Ladivine

Marie NDiaye

Roman, Suhrkamp Verlag, Berlin 2014, 444 Seiten, € 23,60

In der Hoffnung, ein neues Leben beginnen zu können, nennt sich Malinka seit ihrer Jugend Clarisse. Clarisse ist alles, was Malinka nie sein konnte. Selbstbewusst, hübsch, tüchtig und perfekt in allem, was sie macht. Aber die Vergangenheit, repräsentiert durch ihre Mutter Ladivine, holt sie immer wieder ein. Ladivine liebt ihre Tochter bedingungslos, Clarisse flüchtet aber vor dieser Liebe. Nachdem ihr bewusst ist, dass sie damit Schuld auf sich lädt, will sie dafür in allen anderen Belangen des Lebens perfekt sein. Hingebungsvoll kümmert sie sich um ihren Mann und ihre Tochter, der sie den Namen ihrer Mutter, Ladivine, gibt. Jedoch weiß weder ihre Familie von der Großmutter, noch die Großmutter von der Familie ihrer Tochter. Malinka/Clarisse kann mit ihrem Geheimnis nicht glücklich werden. Ihre freundliche Perfektion lässt ihre Familie zerbrechen.

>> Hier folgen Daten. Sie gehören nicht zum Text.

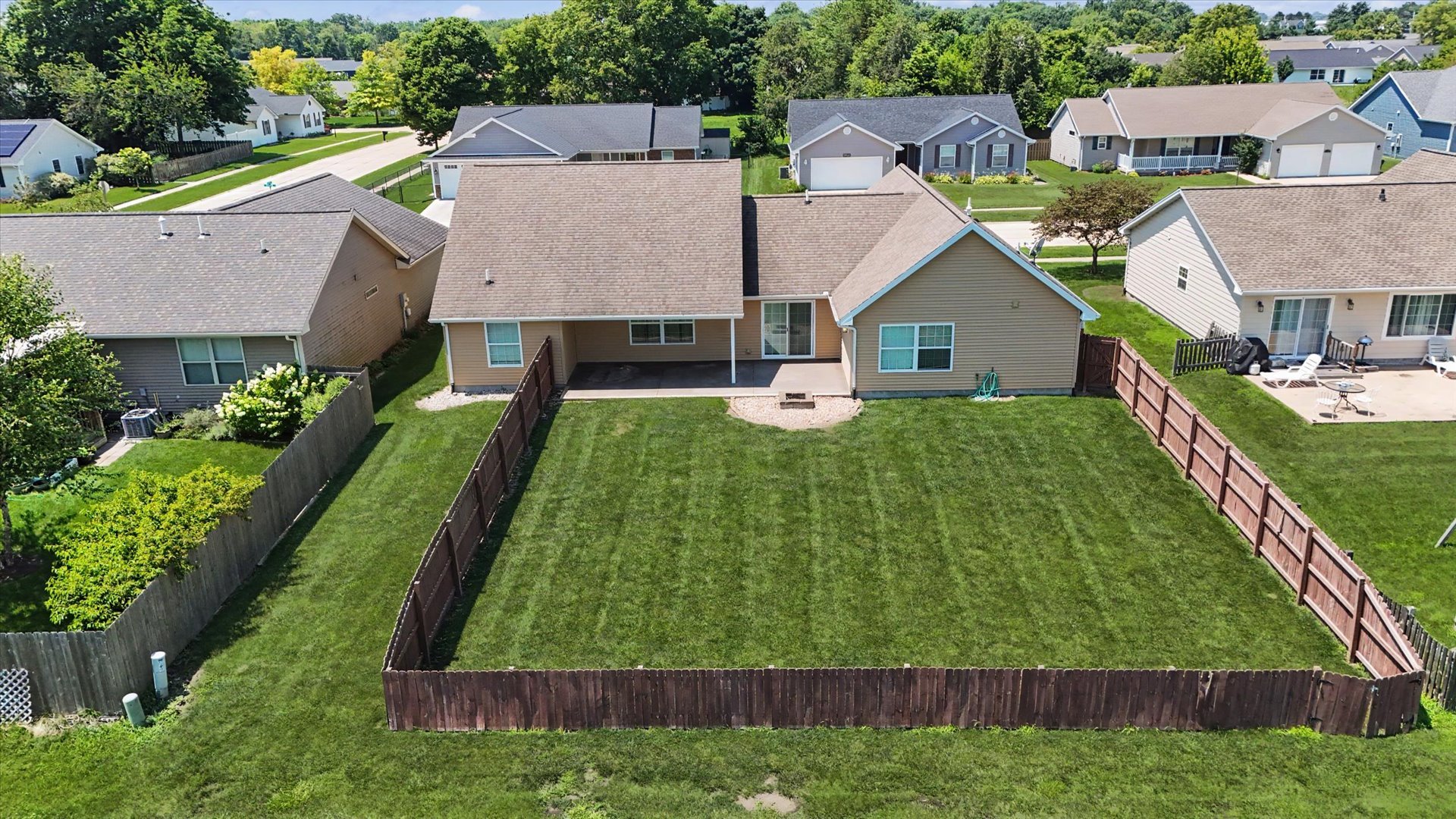 12672598 Property Photo 37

Nach dieser beeindruckenden Einführung in das Innenleben der Protagonistin, deren Geheimnis hier nicht gelüftet werden soll, bedient sich die französische Autorin Marie NDiaye dem phantastischen Element, um die Geschichte zu Ende zu erzählen. Die Bedrohung und dann Erlösung erfolgt durch einen Hund. Immer wieder taucht er auf und bringt schließlich Ladivine, die Tochter und Enkelin, dazu, nach Clarisses Tod den Rest der Familie zusammenzubringen.

Marie NDiaye beeindruckt hier durch die Frage nach dem „menschlichen Makel“ und wie man mit ihm leben kann.